#### Task statement:
Please return the lines from the one with "Caddo Street Twnhms - Residential" through the end of the listing below, word for word, with every picture left out.

#### Dataset extract:
****************
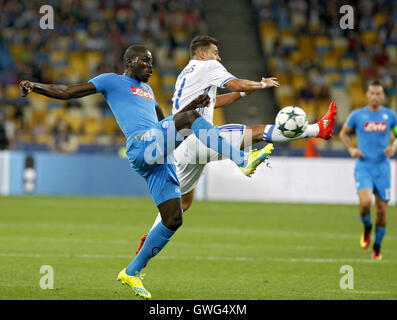 Kiev, Ucraina. Xiii Sep, 2016. JUNIOR MORAES (R) della dinamo sistema VIES per la sfera contro KALIDOU KOULIBALY (L) di Napoli, durante la UEFA Champions League, gruppo B, la partita di calcio tra la Dynamo Kyiv e SSC Napoli, all'Olimpiyskiy Stadium, a Kiev, Ucraina, su13 settembre, 2016. © Serg Glovny/ZUMA filo/Alamy Live News Foto Stock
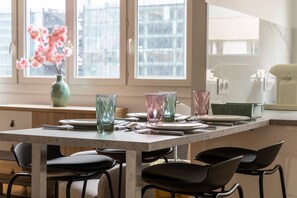 Dining - Appartement Boieldieu - Welkeys (Puteaux)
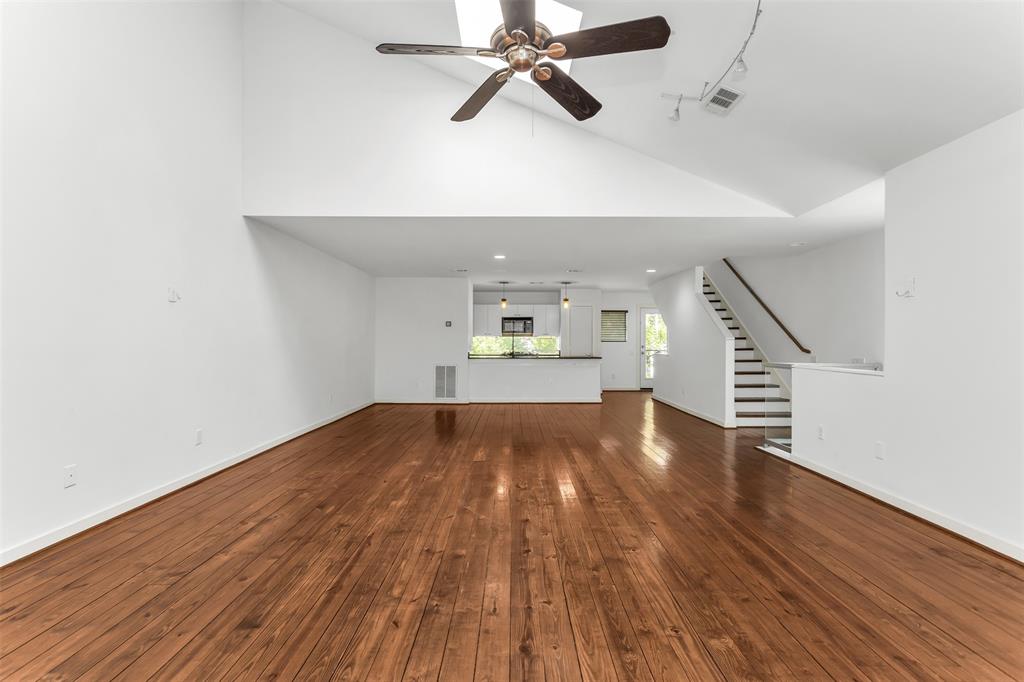 Caddo Street Twnhms - Residential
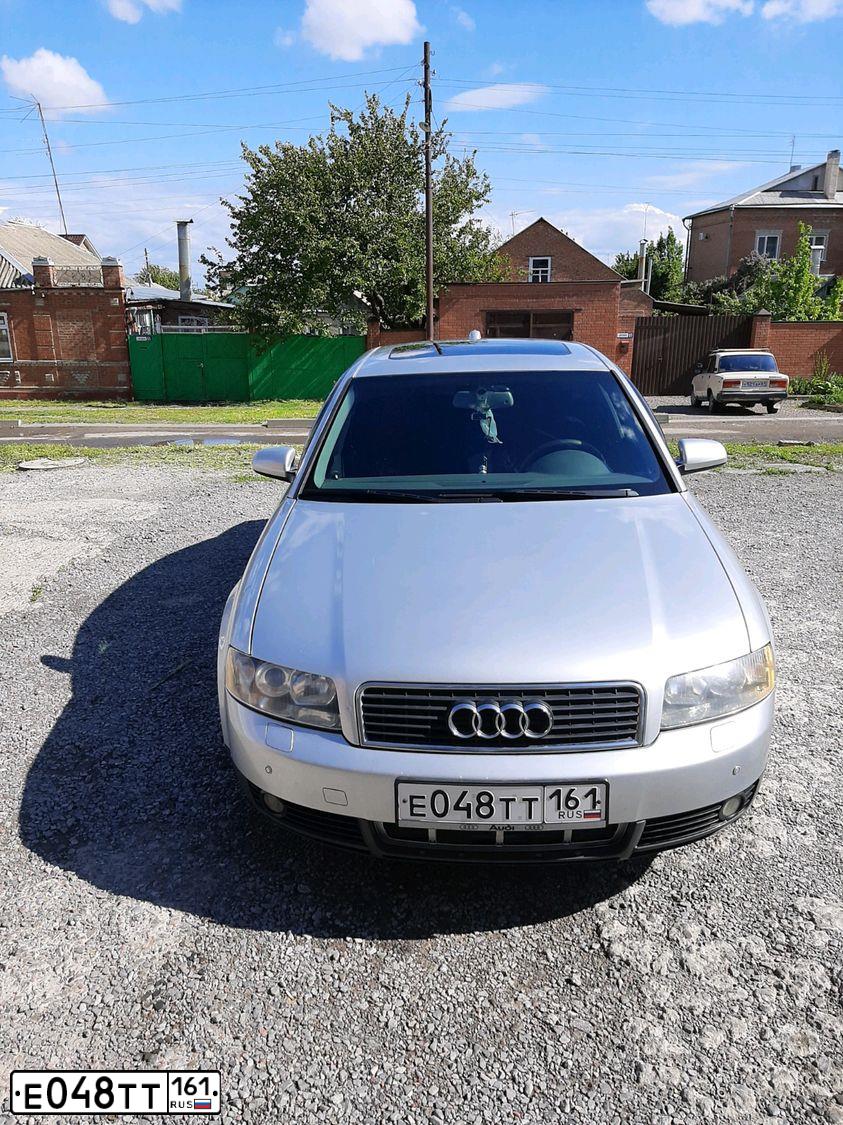 Фото автомобиля AUDI A4, 2003 — госномер Е048ТТ161. Цвет: БЕЛЫЙ (СЕРЕБРИСТЫЙ)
****************
#### Solution below:
 Caddo Street Twnhms - Residential
 Фото автомобиля AUDI A4, 2003 — госномер Е048ТТ161. Цвет: БЕЛЫЙ (СЕРЕБРИСТЫЙ)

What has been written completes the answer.